Could you explain me this question?

Answer 1

(a) is interestingly tricky. I would approach this by selecting the digits as a set and then choosing how many orders are valid, but there a quite a few cases no matter which way you attempt it.

I use the binomial coefficient $\binom nk$ (say "$n$ choose $k$") since this gives the number of ways to select an unordered set of $k$ items out of a pool of $n$. For the actual value, $\binom nk = \frac{n!}{(n-k)!k!}$

• $4$ different digits, none zero: $\binom 94$ options, $5$ arrangements/option
• $4$ different digits, one of which is zero: $\binom 93$ options, $3$ arrangements/option
• $2$ digits the same, $2$ other digits, none zero: $\binom 93$ options for numbers, $2$ choices for pair with $2$ arrangements/option, $1$ choice with only $1$ arrangement possible
• $2$ digits the same, $2$ other digits, one of which zero: $\binom 92$ options for numbers, $2$ choices for pair with $1$ arrangement/option
• $2$ pairs - $\binom 92$ options, $1$ arrangement/option

This gives $$5\binom 94 + 3\binom 93 + 5\binom 93 + 2\binom 92 +\binom 92 = 5\cdot 126 + 8\cdot 84 + 3\cdot 36 \\[3ex] = 630+672+108=1410$$

EDIT: except, whoops, the question specifies four different digits, so only the first two list items apply.
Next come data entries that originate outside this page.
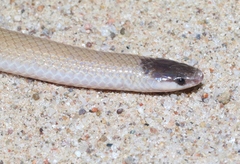 Tantilla hobartsmithi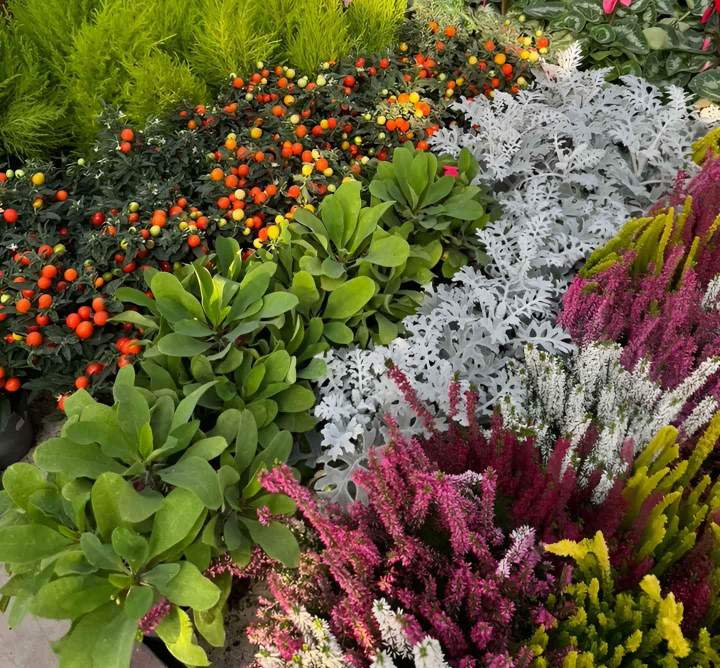 Boutique de plantes et jardin Cadenet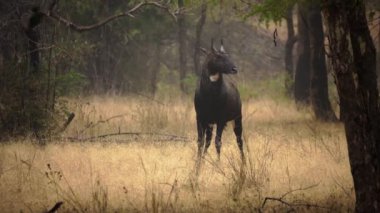 Vahşi bir erkek olan Nilgai 'nin (mavi boğa) ormanda yemek yerken inanılmaz yakın plan çekimi..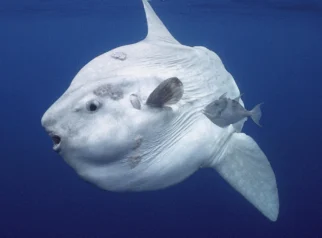 Menakjubkan! Paus Pembunuh Hantam Ikan Sunfish Berat 2 Ton hingga Meledak, Ini Videonya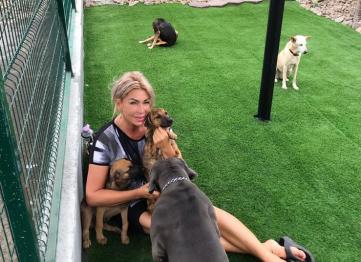 44277dd7 F229 4b81 9247 75644a3dc70f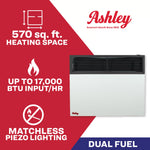 Ashley 17,000 BTU Direct Vent Dual Fuel Wall Heater DVAG17-DF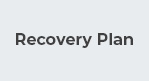 Recovery Plan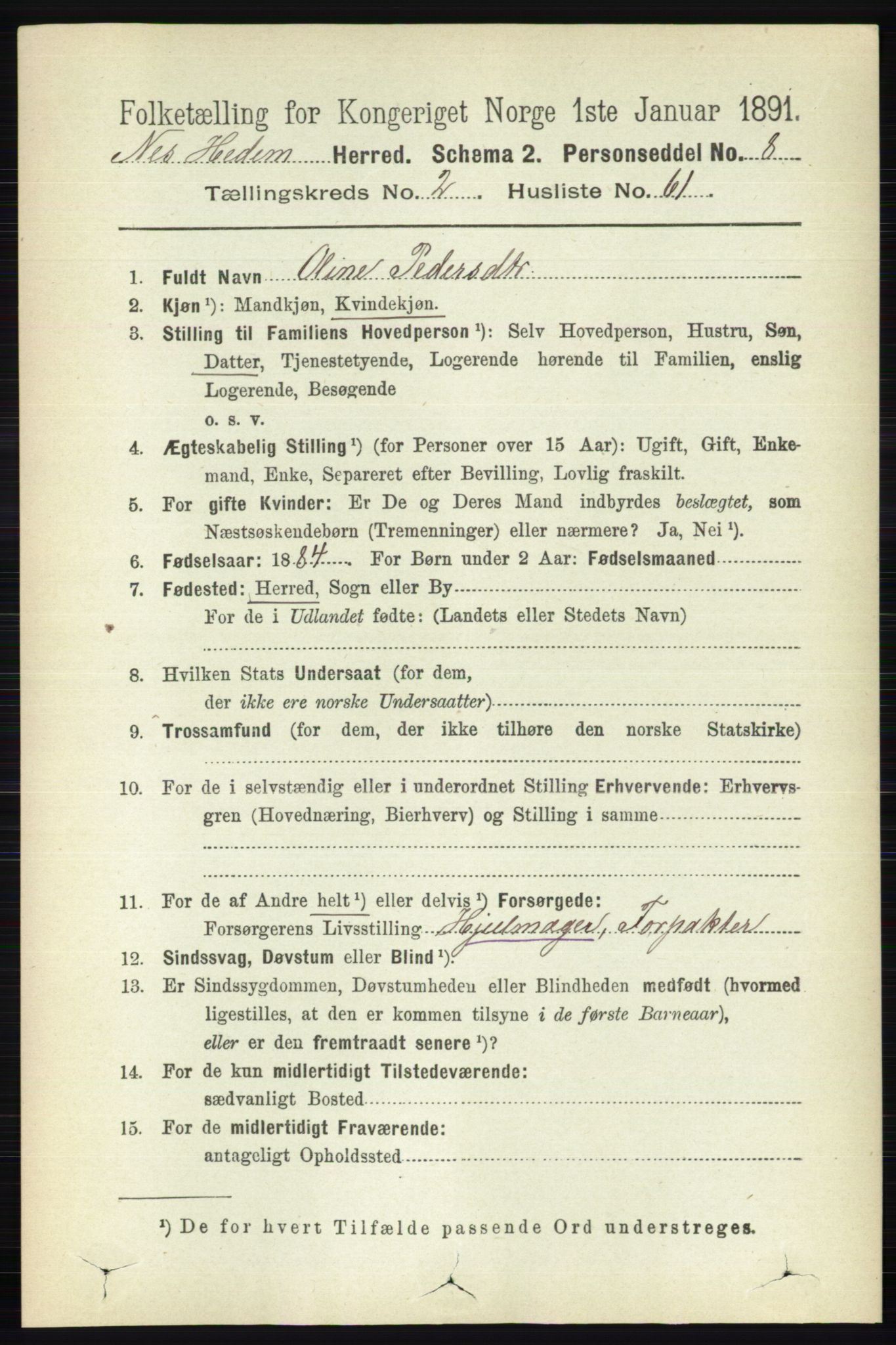 RA, Folketelling 1891 for 0411 Nes herred, 1891, s. 1497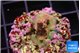 Acropora rainbow 1-2 cm WYSIWYG acclimaté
This gives us:

$$5\binom 94 + 3\binom 93 = 5\cdot 126 + 3\cdot 84 = 630+252 = \fbox{882}$$

(b) is not as interesting, just different case for leading $5$ as opposed to $4$ or $6$, followed by choosing the trailing digits, followed by choosing the middle two digits.

(c) is a partition question with a little bit of inclusion-exclusion - find ordered partitions of 15 (using stars-and-bars), then exclude those where one of the parts is $10$ or more (by setting aside a "preload" of $10$ units for each digit zone in turn), giving $\binom {18}3 - 4\binom 83 = 592$

Answer 2

For (b), which is the easiest of the three problems:

Let the digits from left to right be $D(1),D(2),D(3),D(4).$

If each of the $3$ cases $D(4)=0$ or $D(4)=2$ or $D(4)=8,$ there are $3$ choices ($4,5$,or $6$) for $D(1)$. This gives $(3)(3)=9$ choices for the pair $(D(1),D(4)).$ For each pair there are $8$ choices of $D(2)$. There are 7 choices of $D(3)$ for each triplet $(D(1),D(2),D(4)).$ This gives $(9)(8)(7)=504$ values when $D(4)$ is $0,2$,or $8$.

In each of the $2$ cases $D(4)=4$ or $D(4)=6$ there are only $2$ choices for $D(1).$ (That is, $D(1)=5$ or $6$ when $D(4)=4$; and $D(1)=4$ or $5$ when $D(4)=6$). This gives $(2)(2)=4$ choices for the pair $(D(1),D(4)).$ There are $8$ choices of $D(2)$ for each pair $(D(1),D(4))$ and 7 choices of $D(3)$ for each triplet $(D(1),D(2),D(4)).$ This gives $(4)(8)(7)=224$ values when $D(4)$ is $4$ or $6.$

Altogether we have a total of $504+224=728$ values.